I like to tell opponents of the ACA that before you criticize the law, state your preference for an alternative, because -- remember -- the status quo is not an option. Republican talk of "repeal and replace" is very heavy on "repeal" and light on "replace." Repeal is great politics, because it ignites public hatred. It will not automatically lead to improvement, however, because passing major health-care reform takes many years -- even decades, if history is any guide. Repeal will almost certainly return us to the status quo, with all of its dangers. Replacement has become virtually impossible now, after the 2012 Republican primaries, because no candidate has offered a constructive alternative.

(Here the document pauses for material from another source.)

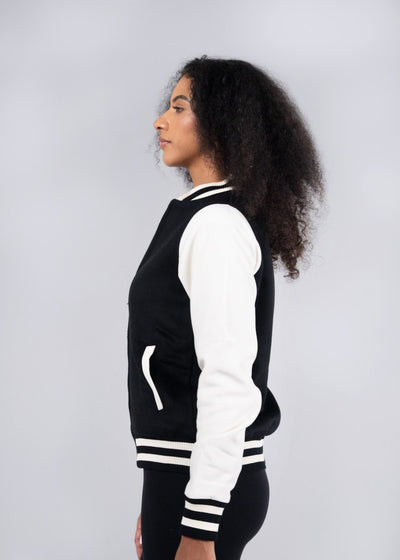 Black and white varsity wool blend ladies jacket with ribbed cuffs collar and waistband perfect for work uniforms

The Supreme Court should also be wary of overturning the ACA, because, as even Justice Scalia noted, how can you surgically remove parts of a 2,700-page bill without killing the overall reform? Justices can only subtract, not add: their proper restraint in legislating from the bench prevents the construction of a coherent alternative.
So let's cool the rhetoric. As we say in Tennessee, "Any mule can kick a barn down -- it takes a carpenter to build one." Where are the carpenters in either political party?

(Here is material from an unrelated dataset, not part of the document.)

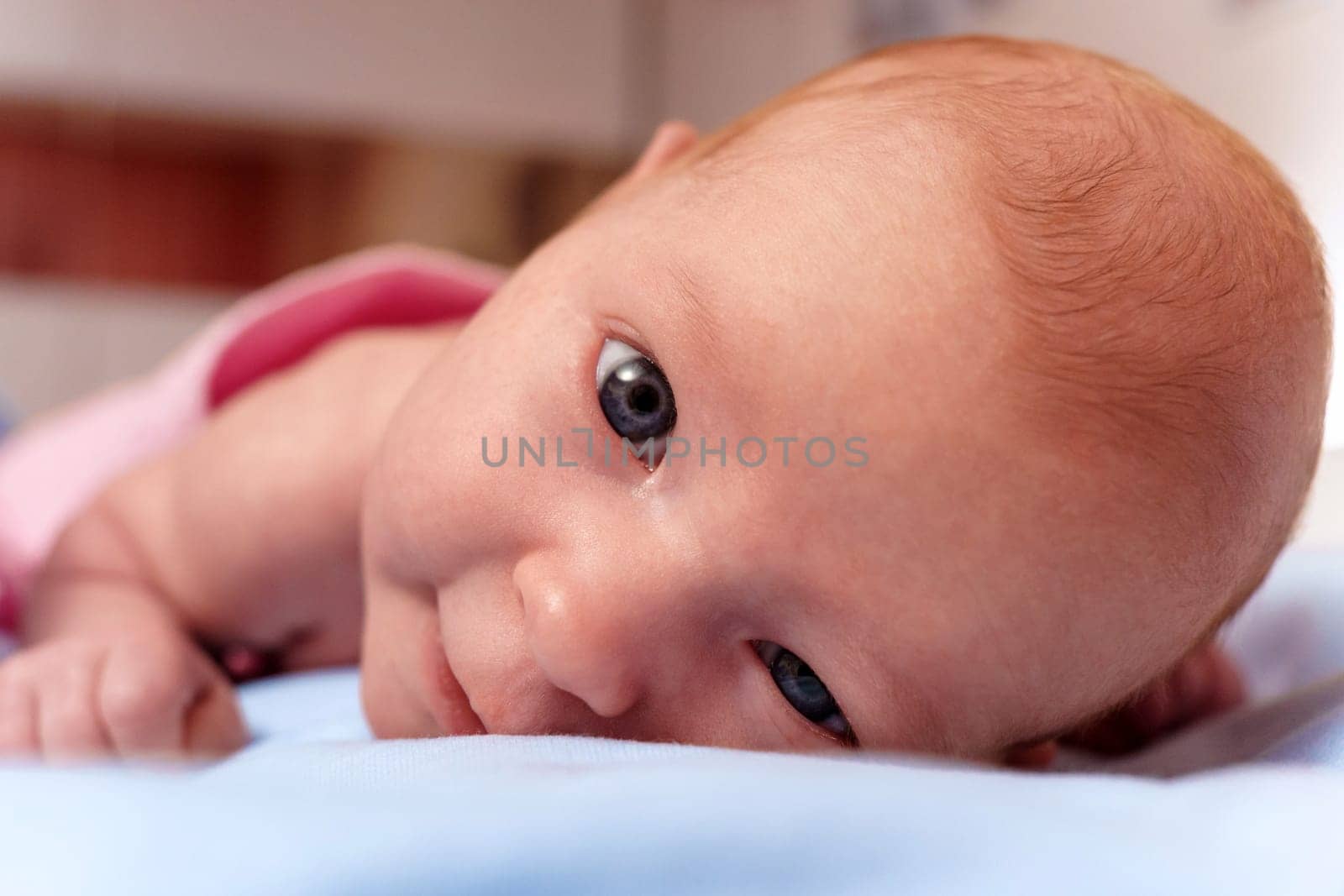 Newborn baby, at the tender age of two months, lies comfortably while curiously looking at the world around with bright, expressive eyes. by darksoul72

I am the Democrat who wrote the alternative to Clintoncare (Cooper-Breaux), championed the leading alternative to Obamacare (Wyden-Bennett), and who often votes for Band-Aids that Republicans pretend are alternatives to genuine reform -- association health plans, health savings accounts, interstate insurance sales, malpractice reform, and premium support.
Almost all of these centrist and Republican proposals have failed to become law, except for a few demonstration projects, even when Republicans controlled the White House and Capitol Hill. Most of these proposals never had a chance. Nevertheless, I am proud of working hard for bipartisan health-care reform. As Jefferson said, "Great innovations should not be forced on a slender majority." This is particularly true in health-care reform, because health issues are so intimate and existential.
I have the battle scars to prove that there are precious few plans that could conceivably pass Congress, other than the one that recently defied the odds, the ACA. To the dismay of passionate advocates, single-payer has no chance, nor does herding Americans into high-deductible plans. Ideologues on the left and right should put their dream scenarios on hold -- let's make the ACA work. America's greatest strength has always been pragmatism.
Failure to produce more workable alternatives to the ACA is probably one of the worst policy voids in American history. Like Sherlock Holmes' dog that did not bark, this dearth of alternatives is an important clue, at least to our modern political gridlock (if not our permanent decline). Why does an urgent societal problem have so few publicly offered and publicly acceptable solutions? Do we lack imagination, or is Congress unable to embrace good ideas?